"Opting Out" with the TSA
Jul 26, 2012 by UghIn perusing the TSA's "Traveling with Kids" website (complete with fun little videos, which are out of date since it shoes a mother taking her infant's shoes off) it says Parents carrying infants or children cannot be screened by the imaging technology. In addition, parents accompanying children may opt out of being screened by imaging technology to prevent them from being separated from their family. Okay, so, then what? If I'm carrying my 11 month old and we're selected for the AIT, can I opt out but do they then also pat down the infant? It doesn't say, I assume that yes, they will be patting him down. Hopefully for them he will be recently changed (unlikely).
It also says: Any passenger capable of assuming and staying in the required position for 5 seconds is eligible for AIT screening. Okay. But what is the "required position?" Again it doesn't say. I clicked around on the information about AIT and found that... passengers will be asked to stand in a position. Helpful!
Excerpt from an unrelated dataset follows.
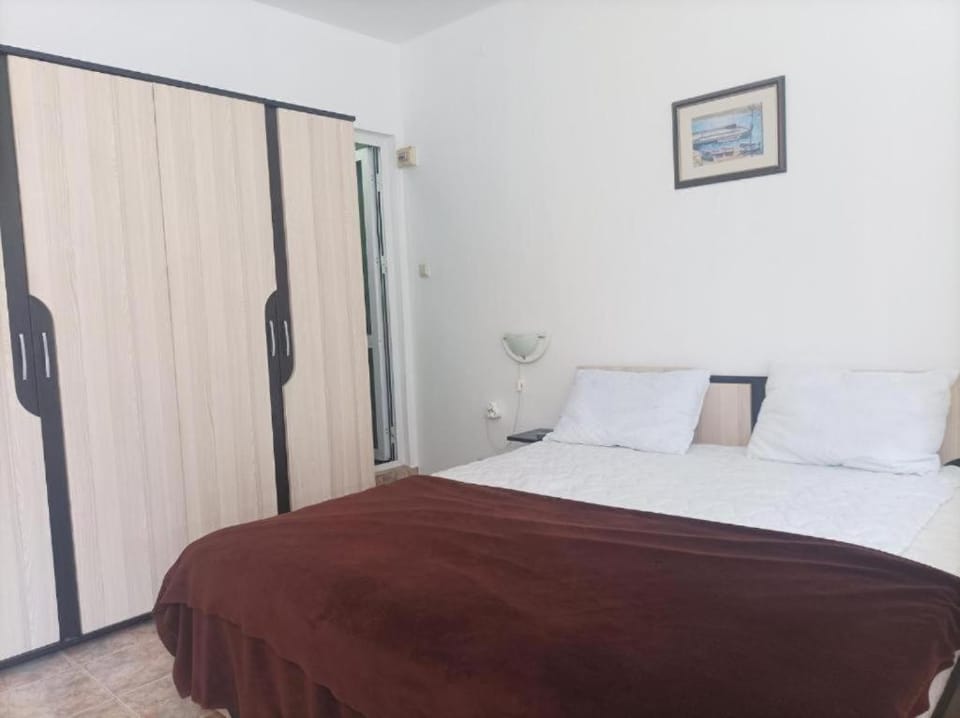 Family Hotel California Bed and Breakfast in Burgas Province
There are some pictures, which at least give me some clue, but are there other positions (something like this, perhaps)? But... I have no idea if my 3 year old can stand in that position for five seconds (my guess is no, but will admit to not having asked him and I am not planning on it). He can probably walk through the metal detector, as they note Children who can walk without assistance should walk through the metal detector separately from their parent or guardian. But I may pick him up anyway.
I appreciate that the TSA puts all of this information out there, however incomplete and incomprehensible.* But, what a giant freaking waste of time. The number of terrorists is extremely small. The number of terrorists that (a) have access to children, (b) have access to explosives that could slip through a metal detector but would be caught by AIT, (c) are willing to secret those explosives on a child under the age of, say, 13, (because who knows what the kid might say?), and (d) willing to then blow up the explosives with the child on board (or leave the child behind in the airport), has got to be pretty close to a null set (especially considering all the other obstacles).
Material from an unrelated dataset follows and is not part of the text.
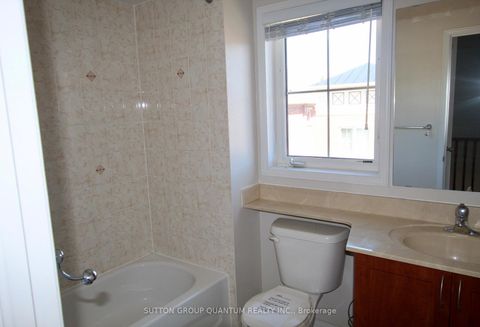 Photo 16 at 21 - 47 HAYS Boulevard, RO River Oaks, Oakville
So my modest proposal is that: children age 12 and under will only be required to go through the metal detector (shoes on!). They will get multiple chances if they "alarm" (as the website puts it) to remove items with the assistance of their parents and only after that fails will they be subject to the modified pat down. Their parents too, if there was an easy way to tell. Heck, dump the AIT and shoe removal altogether. I mean, when was the last time the TSA found explosives on anyone via the AIT or in their shoes? Never? I see they find guns on a regular basis** (at least, according to them); but actual explosives (as opposed to training devices and the like)? Doesn't appear so.
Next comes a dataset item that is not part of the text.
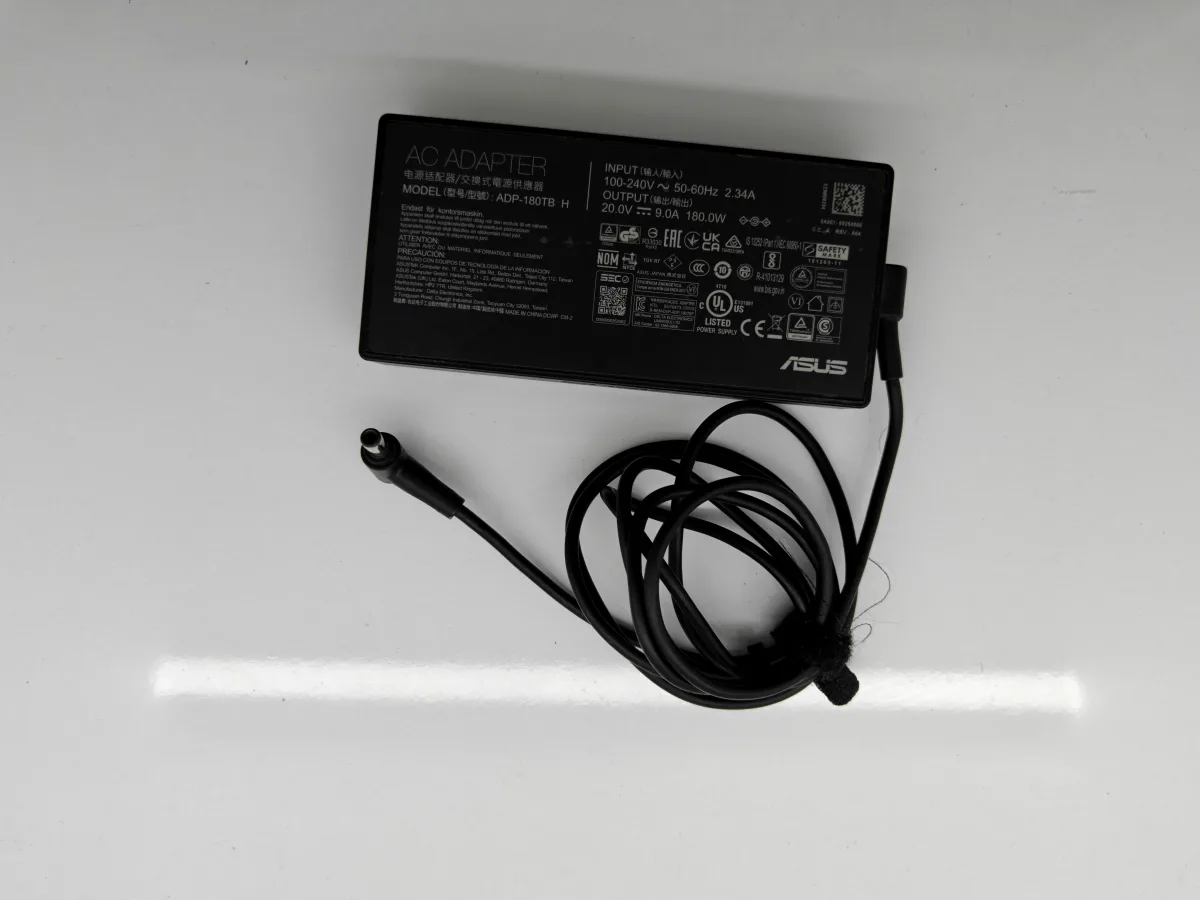 Asus Fx505 fx506 Fa506 fx507 fa507 ADP-180TB  rog Zephyrus, TUF Gaming, ROG Strix 20V 9A 180w İğne Uç 6.0x3.7mm Adaptör Şarj Cihazı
*I have some sympathy for the TSA in terms of the idiots I assume they have to deal with on a daily basis, which must have led to the following statement, which is the third bullet on the web page under "General Screening Information." To wit: Passengers cannot leave babies in an infant carrier and attempt to put it through the X-ray machine. Words fail.
**Apparently, the right to bear arms does not extend to airline flights, funny that.
Comments
Jul 26, 2012, 06:41:06 nous wrote:
Required position = turn to side with feet apart and raise both hands just above the head.
As far as finding guns, from the fora I hang out on I'm given to understand that a lot of people who concealed carry on a daily basis often forget that they are wearing their gun and a few have confessed to remembering only moments before a screening or having to talk to a screener to take the weapon back out to a car.
Those knives, though? Those are some cheap, sketchy looking knives. No way any of those are someone's daily utility knives.
Jul 26, 2012, 08:12:12 ccdg wrote:
The last time I went through security (July 7), they had all of the kids under, say, 5 go through the old xray with one parent. The other adults had to go through the scanner. I thought that would be a good plan if it was actually a policy, not a local choise.
Jul 26, 2012, 08:16:37 ccdg wrote:
On the other hand I know someone very well who's mother had them carry drugs, money and weapons into prisons at the age of ten so if her purse was searched they wouldn't find anything. She got searched every time but no one ever searched the kid, over several years.